To estimate whether the map of rodent protein phosphorylation sites is comprehensive, we merged the rat data set presented here with the recently published mouse phosphoproteome data set20. At the protein level, we find 51.5% overlap between the phosphoproteins reported here, and those reported for the mouse, and at the site level the overlap is 23.2% (Supplementary Fig. S9), thus indicating that the map is not yet comprehensive. Merging the two data sets result in a total of 9,287 rodent phosphoproteins harbouring an impressive 54,755 phosphorylation sites. This shows that phosphorylation is a post-translation modification with even more widespread impact on rodent proteins than previously estimated.

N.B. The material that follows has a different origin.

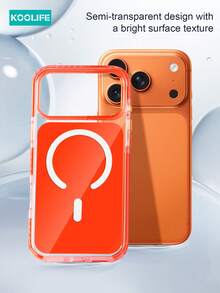 Koolife 1pc Solid Color Magnetic Phone Case, PC+TPU Material, Transparent Lens Frame And Buttons, Colorful Side Stripes, Anti-Drop Protective Shell, For IPhone18pro/18pro Max/17/17Pro/17ProMax - Orange - View 3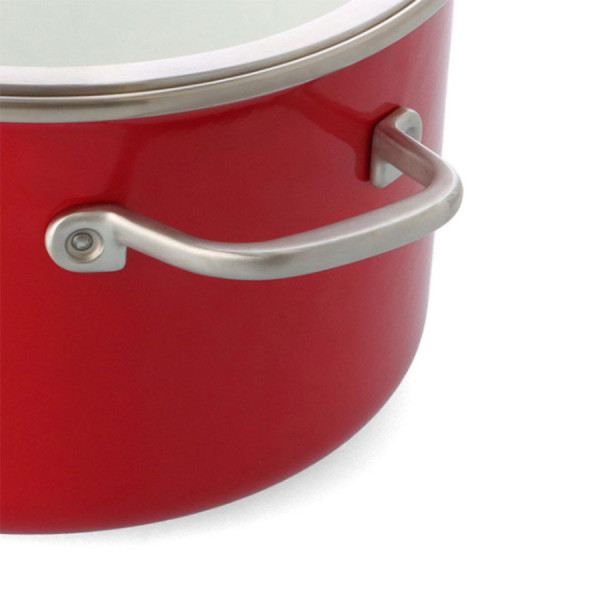 Каструля з кришкою KitchenAid Steel Core, 20 см, 3,7 л, червоний (CC003267-001)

Tissue distribution of specific phosphorylation sites

In total, 23,415 of the identified phosphorylations can be localized to a specific residue using combined cut-off values of localization probability ≥0.75 and ΔPTM score ≥5, as previously described16. For each tissue, we investigated the relative abundance of phosphorylation sites of serine, threonine and tyrosine residues, and on average we find that serines account for 88.1%, threonines for 11.4% and tyrosines for 1.5% of all phosphorylation sites (Fig. 5a), which is consistent with previously published observations16,20. As a number of serine/threonine protein kinases are targeting specific sequence motifs, we used our data to evaluate the relative involvement of these kinases across tissues (Fig. 5b). As expected, we observe that basophilic kinases (PKA, PKD, AKT, CAMK2, AURORA and CHK) form a cluster, and that the relative sequence motif abundances of the majority of these kinases are comparable across most tissues. However, motifs matching those recognized by PKD and CHK kinases are relatively more abundant in stomach than in any other tissue, as are ATM motifs in blood and PLK motifs in skeletal muscle. Likewise, we find that CK2 and AKT motifs are abundant in pancreas, which is in line with reports on the involvement of the AKT signalling pathway in pancreatic cancer3,39, and CK2 involvement in insulin regulation of pancreatic β-cells40. It is also noticeable that the three different brain regions investigated exhibit similar patterns, which is consistent with our finding that cerebellum, cortex and brainstem appear very similar at the phosphoproteome level (also see Fig. 2a).

Figure 5: Tissue distribution and amino-acid sequence features of localized phosphorylation sites.
figure 5

(a) Histograms depicting the percentages of serine, threonine and tyrosine phosphorylation sites identified in each rat tissue as well as in human skeletal muscle samples. The total number of S, T and Y phosphorylation sites across all tissues and their relative abundance in percent is stated above each histogram. (b) Heat map visualizing relative abundance of sequence motifs matching the indicated kinases from phosphopeptides identified in all tissues investigated. (c) Top: amino-acid sequence patterns for all S and T phosphorylation sites in brain and testis. Bottom: amino-acid sequence patterns for tissue-specific versus non-specific S and T phosphorylation sites for brain and testis. (d) Hierarchical cluster of pathway analysis of phosphotyrosine-containing proteins. (e) Protein–protein interaction network build from tyrosine-phosphorylated proteins identified in human skeletal muscle using InWeb shows that these proteins significantly interact with each other (Adj. P=2e-4, using a permuation test). The resulting network shows that tyrosine-phosphorylated proteins collaborate in muscle contraction, oxygen transport and cell proliferation to carry out physiological processes relevant to the tissue in question. The input proteins from human skeletal muscle are depicted as yellow spheres, whereas interacting proteins reported in the literature are depicted as grey spheres.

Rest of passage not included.